Se puede pensar que queda muy bien de cara a la galería hablar así, pero del dicho al hecho hay un abismo que queda en papel mojado sin una hoja de ruta. Precisamente por este motivo, Dan Barber y Alice Waters aseguran que el único camino para lograr estos hitos pasa porque los cocineros del futuro cierren el trato directamente con el campesino sin intervención de terceros. Es la única manera de hacer prevalecer la hegemonía de la agricultura orgánica por encima de la agricultura que llena la barriga, pero no alimenta. “No me habían pedido nunca que cultivara semillas con más sabor”, le dijo un campesino a Dan Barber, que cortocircuitó.
Conseguir que los criadores de las semillas agroquímicas apuesten por las variedades con más densidad nutricional en lugar de las variedades que eternizan el derecho de pernada es misión imposible.

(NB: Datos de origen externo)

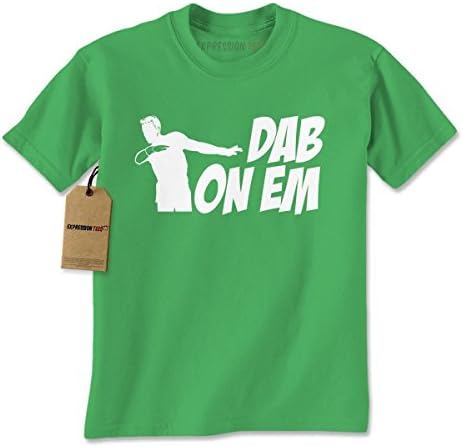 Mens Dab On Em T-Shirt Medium Kelly Green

La tarea de los cocineros se tiene que centrar en mimar a los campesinos que cultivan con pasión, pensando en el sabor y no exclusivamente en el rendimiento económico a corto plazo porque, al final del camino, la investigación del sabor será la investigación de la buena nutrición. O así lo cree Dan Barber, que se ha dedicado en cuerpo y alma a la creación de una calabaza, una patata, una lechuga, una avena y un tomate más rico, más sano y más nutritivo. Alimentos que sirve en su restaurante y que ya se comercializan en los supermercados de toda la nación.

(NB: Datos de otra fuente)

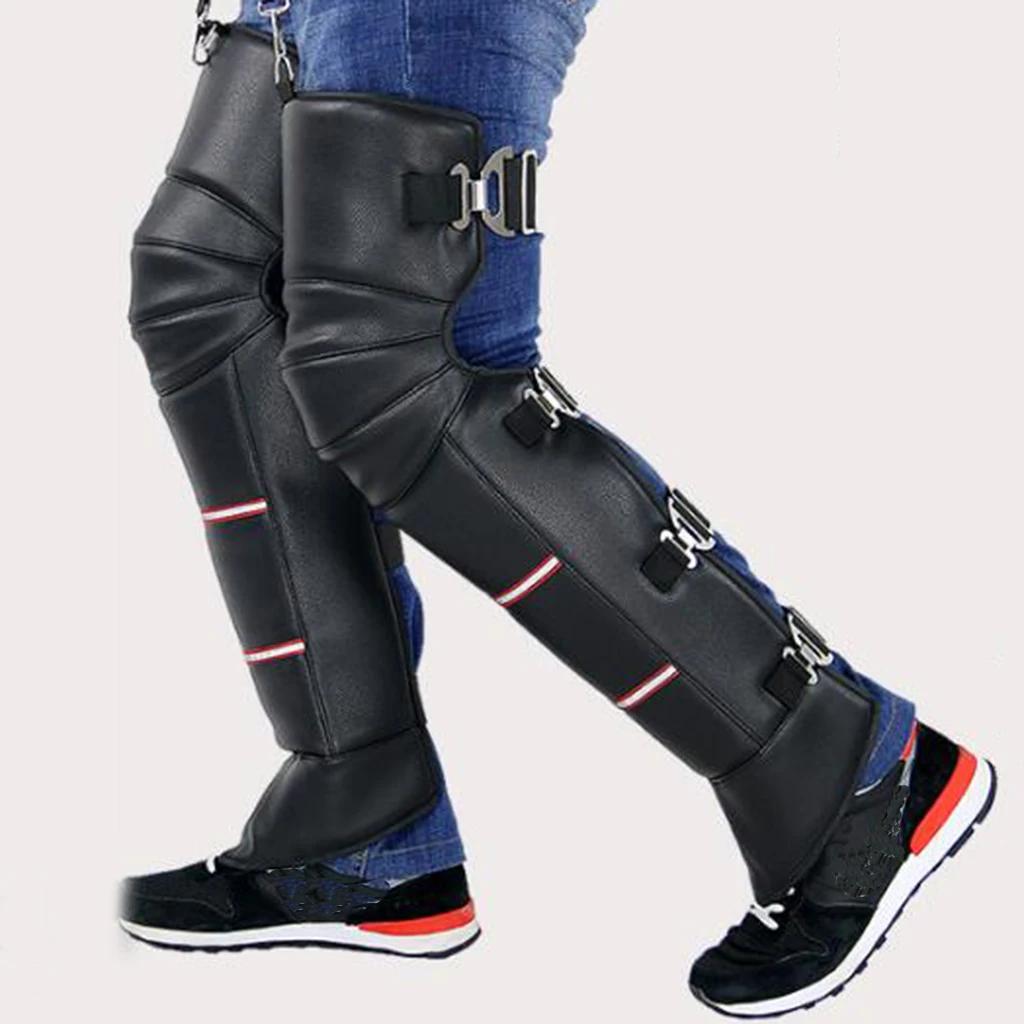 70cm Motorcycle Warm Knee Pads Protective Legs Waterproof Knee Pads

En este mundo pandémico, el 92% de las muertes de la COVID tenían condiciones adyacentes, como patologías cardiovasculares, diabetes u obesidad. “Tres patologías relacionadas con la dieta”, certifica Dan Barber. “En muchos sentidos, la vacuna contra la COVID y otras pandemias del futuro tendría que incluir la prescripción de la comida saludable. Y una manera directa de hacer referencia a la dieta es hablar de nosotros, los cocineros.” En definitiva, es un llamamiento al colectivo de la gastronomía para sumar conciencia y restar ego, para asumir responsabilidades inherentes al cargo, como trabajar directamente con la tierra, profundizar en la biodiversidad, defender los ingredientes locales y entender que la receta será deliciosa solo si es buena para el cuerpo, el territorio y todas las almas.
“En Estados Unidos hemos perdido el deseo de cocinar”, asegura Alice Waters, gran veladora de la slow food. “El éxito de mi restaurante es que la gente quede tan satisfecha con lo que ha comido que nos pregunte por el origen de los ingredientes. Desde la producción hasta el plato: esto se llama cocinar sin comprometer la pureza.” Esto se llama aniquilar el derecho de pernada.